One thing is for sure : the jazzy sounds of "Focus Con Proby" is put into brackets for some tracks which I can only be pleased of (but it will unfortunately reborn with "B."). Not that the duo (because it is not really a "Focus" effort") will fully turned into the great symphonic music they have delivered, but at least this album features some good moments (but not too many).

Of course, the repetitive "Tango" sounds a bit weak but it comes after the naďve, folkish and ethnic "King Kong". The only traditional "Focus" song will be the very good opener, more in the style of the "Focus" we all love (?).

One of the weakest track IMO is "Indian Summer". Some world music stuff not really expected nor appropriate, I should say. Actually, it is a "Hors D'Oeuvre" before the long, repetitive and boring "Beethoven s Revenge".

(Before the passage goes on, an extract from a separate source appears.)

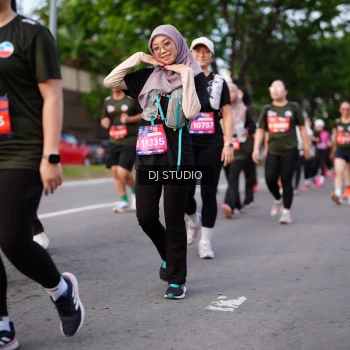 Runner Photo 3950000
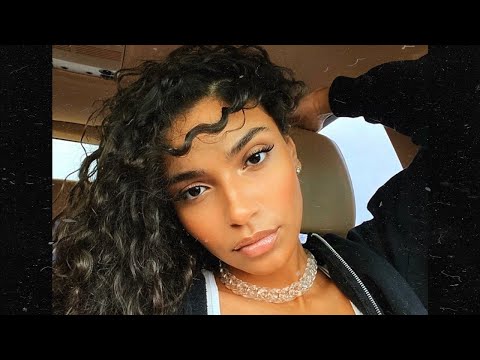 [FREE] Tory Lanez x Tyga x G-Eazy Type Beat 2020 ~ Met Gala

Disco beat, electronic rhythms, new age, jazz improvisation : you name it ! New "Focus" as some reviewers mention ? Maybe. But this "Focus" could have remain silent. As far as this track is concerned at least. I was reluctant while listening to their ultra- long "Anonymus Two" (FROM "Focus III") but at least some ood intrumental jams were going on there. This track, is just booooring. For almost NINETEEN minutes. I wonder where is the Beethoven's revenge. Our dear Ludwig must be pretty P.O. that his name is linked with such poor stuff. Shame on you Akkerman & Van Leer !

Things get better with "Olé Judy". Rocking alright, this song will finally deliver great guitar and some good fluting; but still this synth- sound music is not really impressive.

"Who's Calling" is the second prog track here. But if you dream of hearing some jewel like "Concerto", just forget it. We are far from flirting with the spirit of this great epic, unfortunately.

I'm rather perplexed to rate this album when I see all the very high ratings (four to five stars fo rmost of it). Two will do IMO.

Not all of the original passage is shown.